New innovative technologies that raise privacy issues seem to proliferate on an ever increasing basis. While such developments can bring about certain benefits, all too often new technologies are rolled out with privacy as an afterthought: launch now, deal with privacy concerns as they arise. But the failure to incorporate privacy at the design stages not only offends basic privacy principles; it can be costly.

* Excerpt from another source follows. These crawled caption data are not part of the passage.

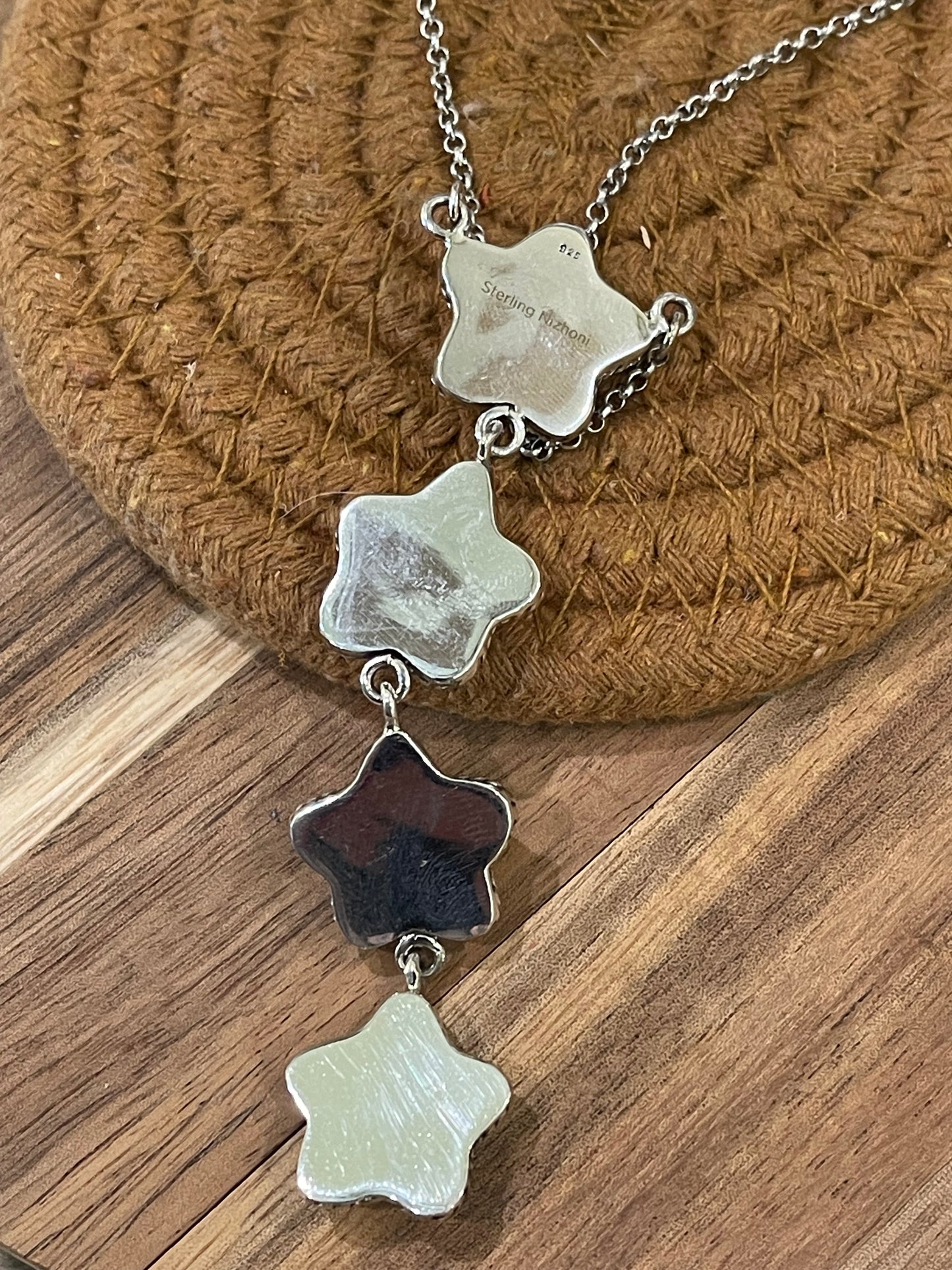Handcrafted Sterling Silver & Bumble Bee Star Drop Necklace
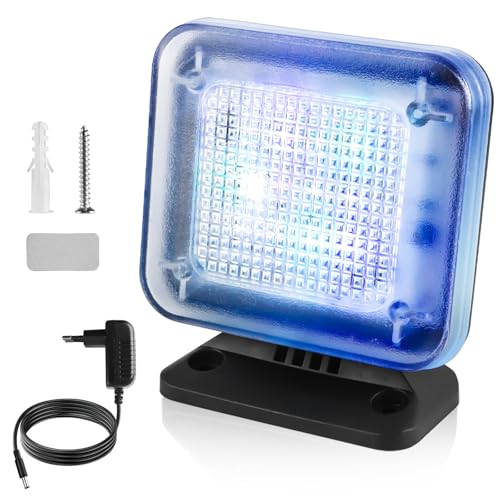 GOMETY LED TV Simulator,Dummy TV Fernsehsimulator mit 12 LEDs und 3 wählbaren Programmen,energieeffizient Fernseh-Atrappe mit Zeitschaltuhr,Komplett mit Netzadapter,zum Einsatz als Einbruchschutz von GOMETY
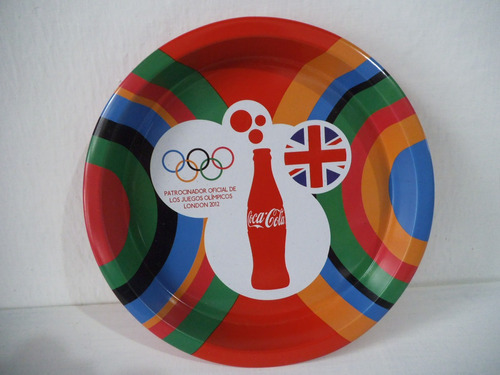 Imagen 1 de 3 de Charola De La Coca Cola Juegos Olimpicos 2012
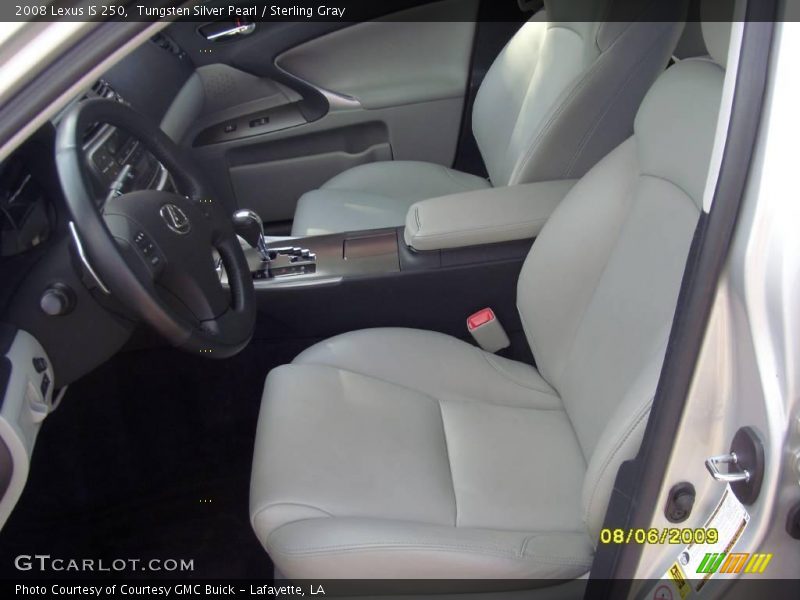 Tungsten Silver Pearl / Sterling Gray 2008 Lexus IS 250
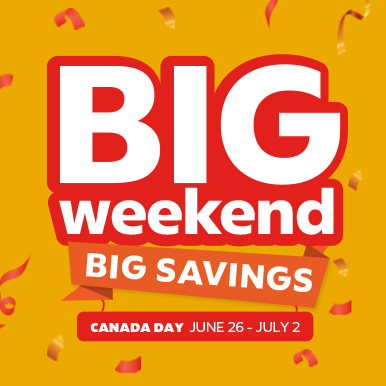 Big Weekend Big Savings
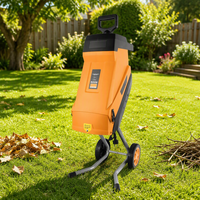 VORAN Sac de ramassage en tissu grande capacité, appareil électrique de réduction des débris de pelouse pour le nettoyage des jardins résidentiels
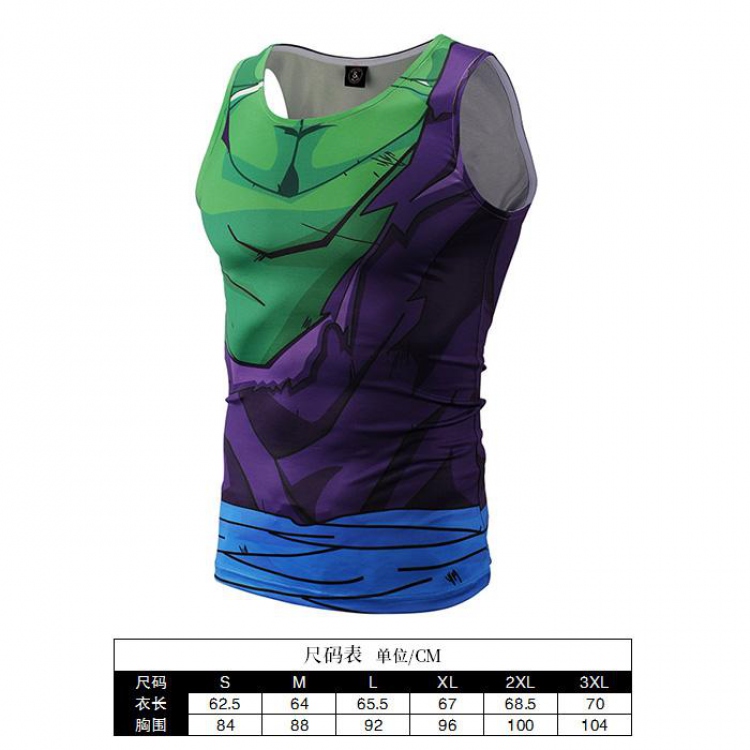 Dragon Ball Cartoon Print Muscle Vest Men's Sports T-Shirt 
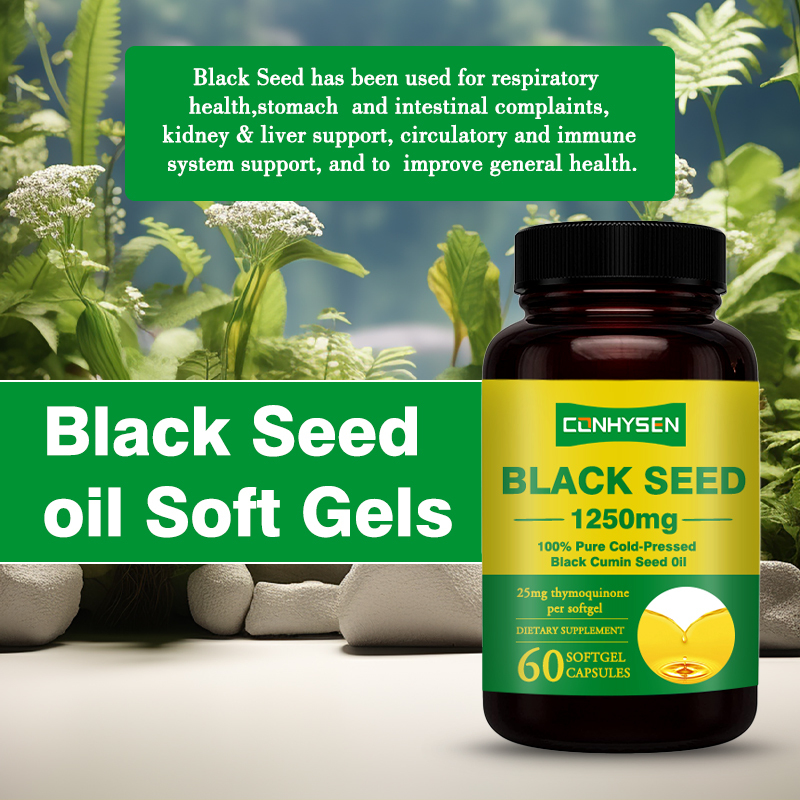 Softgel OEM Premium di Olio di Semi Neri Personalizzato per Supporto Immunitario e Salute delle Articolazioni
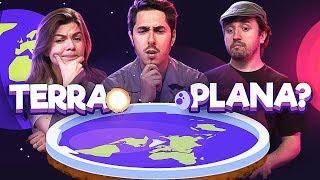 A TERRA É PLANA? Com Leon e Nilce - Nostalgia Ciência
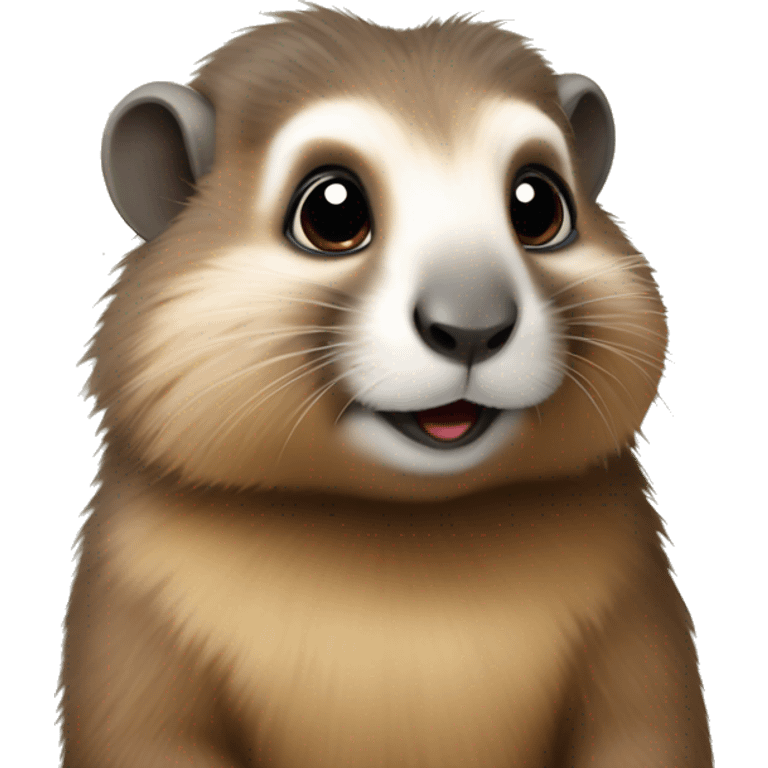 Cute marmotte  emoji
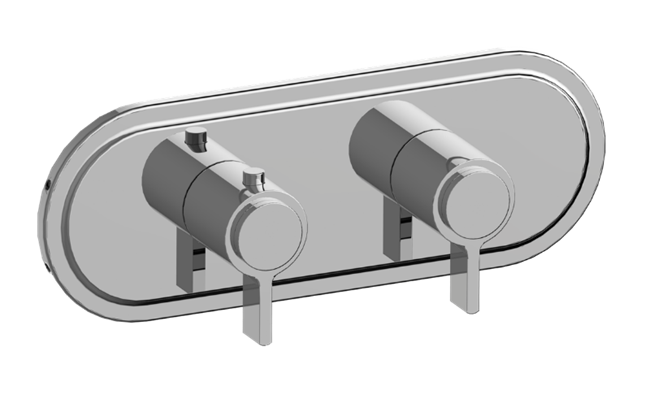 Graff - Pantheon M-Series Valve Trim with Two Handles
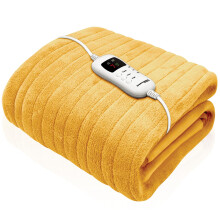 Dreamcatcher Gold Electric Heated Throw Double Fleece with Timer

Consider the launch of Google Buzz this past year. When Google launched Buzz, it effectively turned Google's private e-mail service into a social networking service, raising concern among users that their personal information was being disclosed. Google automatically assigned users a network of "followers" from among people with whom they corresponded most often on Gmail, without adequately informing Gmail users about how this new service would work or providing sufficient information to permit informed consent decisions. In an open letter to Google, a number of data protection authorities around the world expressed concerns about privacy issues related to Google Buzz and that its launch violated the fundamental principle that individuals should be able to control how their personal information is used.
But Google is certainly not alone. Too often, we see new services that fail to take sufficient account of privacy considerations prior to being launched. As our understanding of privacy evolves and new technologies pose novel threats to individual privacy, the debate about how to best protect privacy persists. In Canada, our federal private-sector privacy legislation is grounded in the fair information practices, and by being technology-neutral, has thus far been able to meet the challenges posed by evolving technology and business models. However, more could be done to prevent privacy problems, or to mitigate the effects on privacy protection posed by new technologies, by making the protection of privacy an integral part of the development of new technologies.
Despite the varying approaches to protecting privacy found around the world, one unifying tendency seems to be that the protection of privacy need not be left solely to the regulatory sphere. Instead, it has to start with those entities that use personal information themselves. We need organizations in the public and private sectors to be on board, to think about what they do, how they do it, what they plan to do next and how privacy fits into it all. Our Office, the Office of the Privacy Commissioner of Canada, promotes a more inclusive, systematic and proactive path to privacy. Privacy considerations should be a critical component of the design stage of any new technology or use of technology.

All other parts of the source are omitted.